## PROVIDED INFORMATION
※ ※ ※

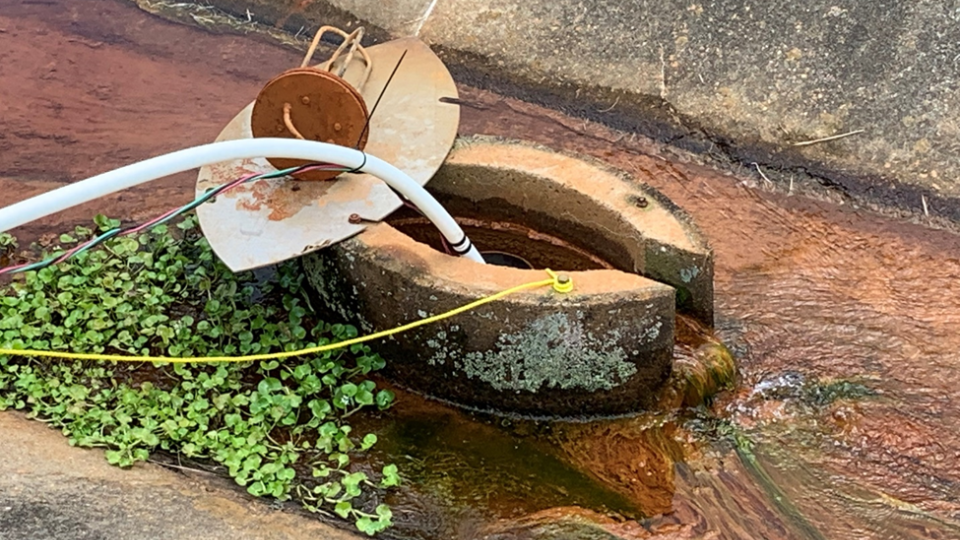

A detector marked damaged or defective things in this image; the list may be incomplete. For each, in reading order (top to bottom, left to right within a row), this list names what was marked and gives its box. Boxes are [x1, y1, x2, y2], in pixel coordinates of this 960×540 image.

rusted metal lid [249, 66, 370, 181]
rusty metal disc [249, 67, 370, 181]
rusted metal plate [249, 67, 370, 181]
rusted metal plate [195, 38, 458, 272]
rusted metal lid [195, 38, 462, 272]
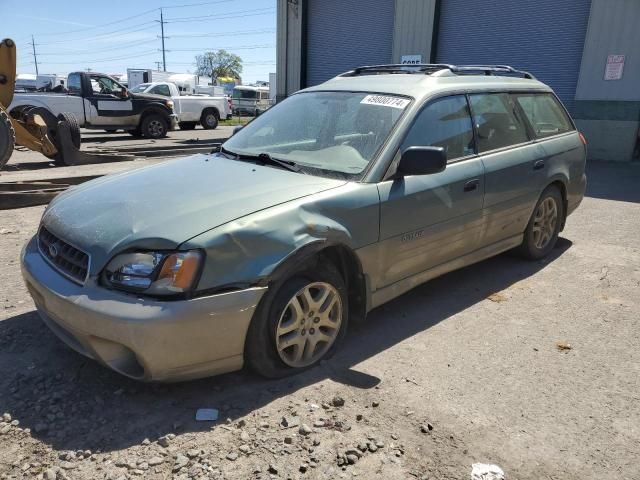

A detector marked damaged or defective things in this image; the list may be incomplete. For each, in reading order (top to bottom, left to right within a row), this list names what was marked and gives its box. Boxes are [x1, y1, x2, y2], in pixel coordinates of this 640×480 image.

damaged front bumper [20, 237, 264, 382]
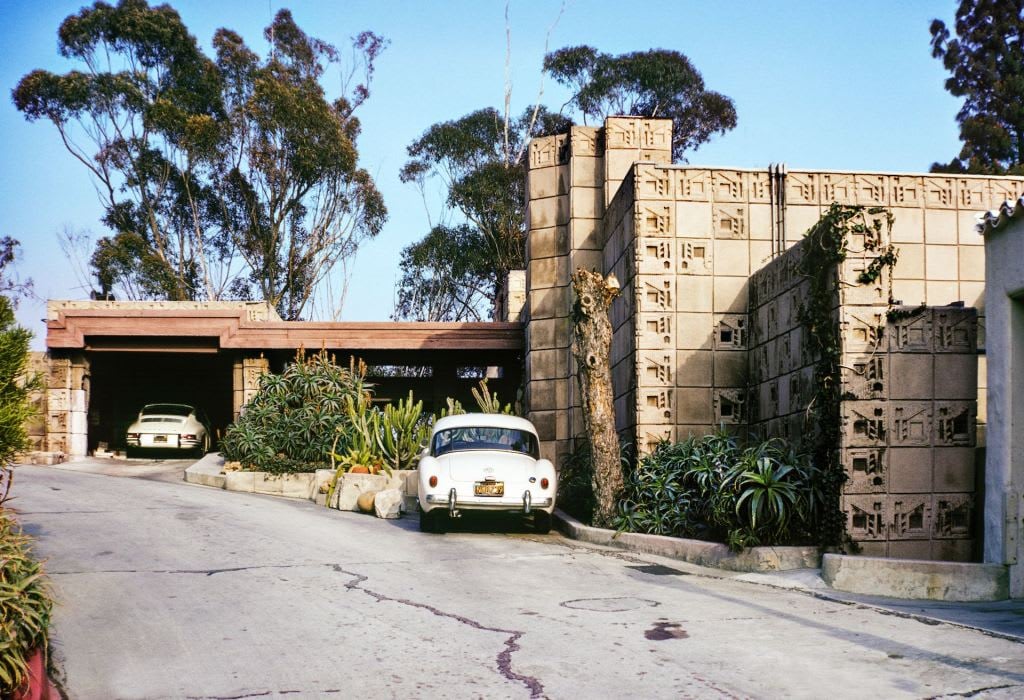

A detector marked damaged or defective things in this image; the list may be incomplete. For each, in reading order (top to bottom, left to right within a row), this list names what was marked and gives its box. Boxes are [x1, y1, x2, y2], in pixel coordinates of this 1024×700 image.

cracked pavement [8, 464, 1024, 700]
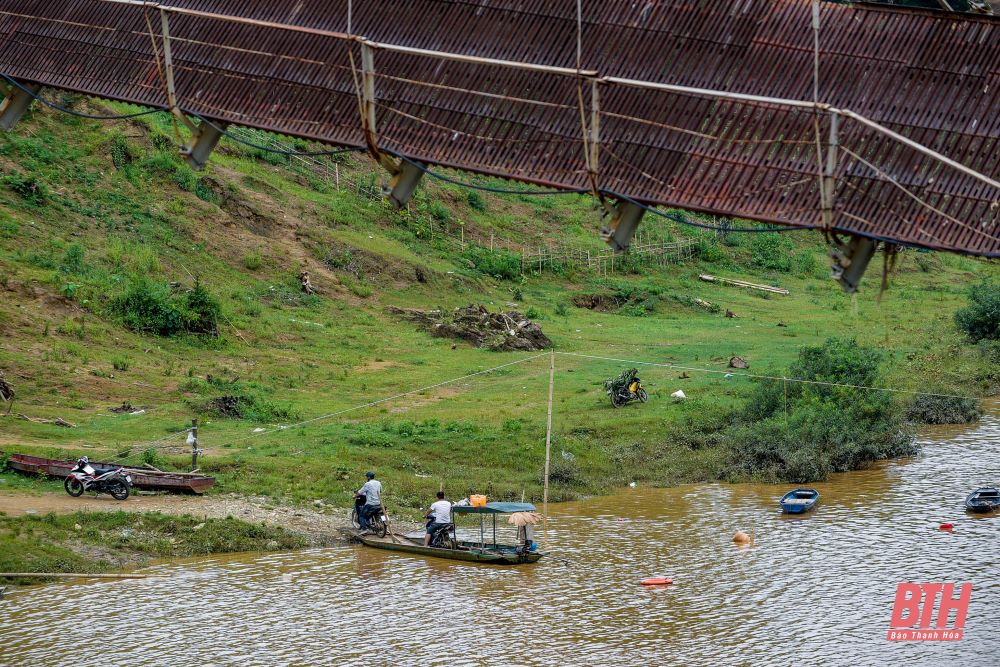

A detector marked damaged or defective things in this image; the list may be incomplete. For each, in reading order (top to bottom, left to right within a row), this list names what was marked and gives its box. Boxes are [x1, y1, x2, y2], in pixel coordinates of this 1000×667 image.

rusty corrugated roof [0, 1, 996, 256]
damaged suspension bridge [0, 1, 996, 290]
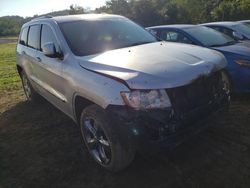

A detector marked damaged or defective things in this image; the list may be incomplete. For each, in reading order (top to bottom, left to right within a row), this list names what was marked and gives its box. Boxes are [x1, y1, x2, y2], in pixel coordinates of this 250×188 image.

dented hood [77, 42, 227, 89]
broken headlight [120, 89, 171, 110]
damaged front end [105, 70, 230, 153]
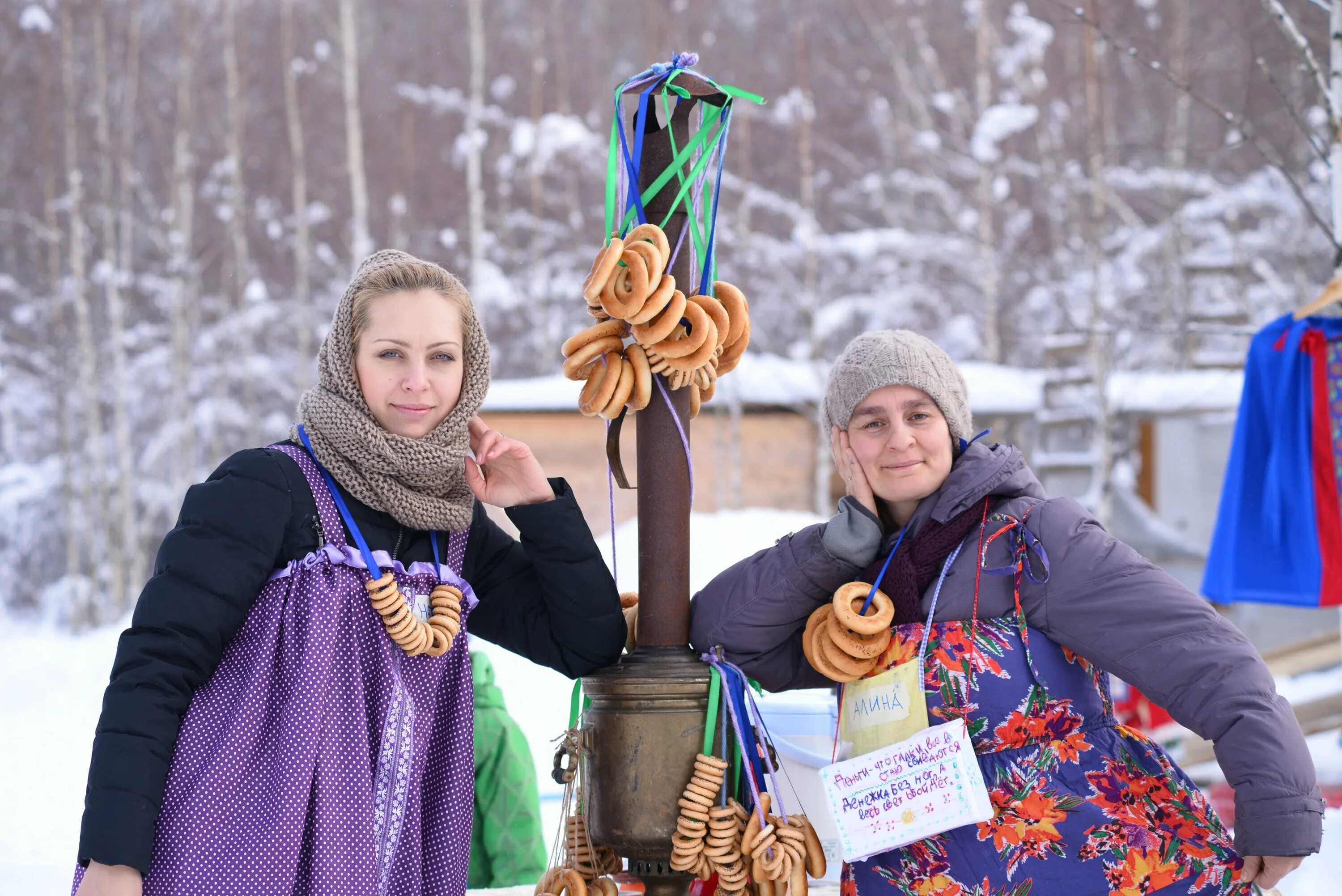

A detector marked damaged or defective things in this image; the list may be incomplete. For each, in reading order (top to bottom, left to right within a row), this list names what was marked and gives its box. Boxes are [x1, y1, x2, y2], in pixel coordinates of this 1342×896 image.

※ ※ ※

## EXERCISE PROMPT
From the first line above to the last, reproduce the records exactly but without the pictures.

## SOLUTION
A detector marked damaged or defective things in this image; the list may be incomplete. For each, in reading order (top to bottom, left to right within a row), this list names what was marked and gives its box. Boxes are [x1, y1, x2, y2], in pixel coordinates of this 960×540 image.

rusted metal lid [249, 66, 370, 181]
rusty metal disc [249, 67, 370, 181]
rusted metal plate [249, 67, 370, 181]
rusted metal plate [195, 38, 458, 272]
rusted metal lid [195, 38, 462, 272]

A detector marked damaged or defective things in this image; the list may be incomplete. For each, in reading order (top to bottom, left to right within a row), this list names what was marked and gives its box. Boxes are [x1, y1, x2, y2], in pixel coordinates of this 640×480 image.

damaged front bumper [20, 237, 264, 382]

A detector marked damaged or defective things in this image; the list may be incomplete. For each, in reading order (top to bottom, left to right within a row), this list names what was marked and gives its box. Boxes are [x1, y1, x2, y2], in pixel coordinates of this 1024×700 image.

cracked pavement [8, 464, 1024, 700]

A detector marked damaged or defective things in this image; the list may be incomplete. For each, in reading order (top to bottom, left to right within a row), this list names what was marked and gives its box. Boxes are [x1, y1, x2, y2], in pixel coordinates of this 1000×667 image.

rusty corrugated roof [0, 1, 996, 256]
damaged suspension bridge [0, 1, 996, 290]

A detector marked damaged or defective things in this image; the list may be incomplete. For each, in reading order (top to bottom, left to right within a row), this list names what was marked and gives its box. Boxes are [x1, y1, x2, y2], in pixel coordinates of this 250×188 image.

dented hood [77, 42, 227, 89]
broken headlight [120, 89, 171, 110]
damaged front end [105, 70, 230, 153]

A detector marked damaged or defective things in this image; the list may be incomplete. For each, in reading order (top to bottom, left to right within a row), this list names what was marked and gives its box. Boxes are [x1, y1, x2, y2], in pixel coordinates of this 1342×896 image.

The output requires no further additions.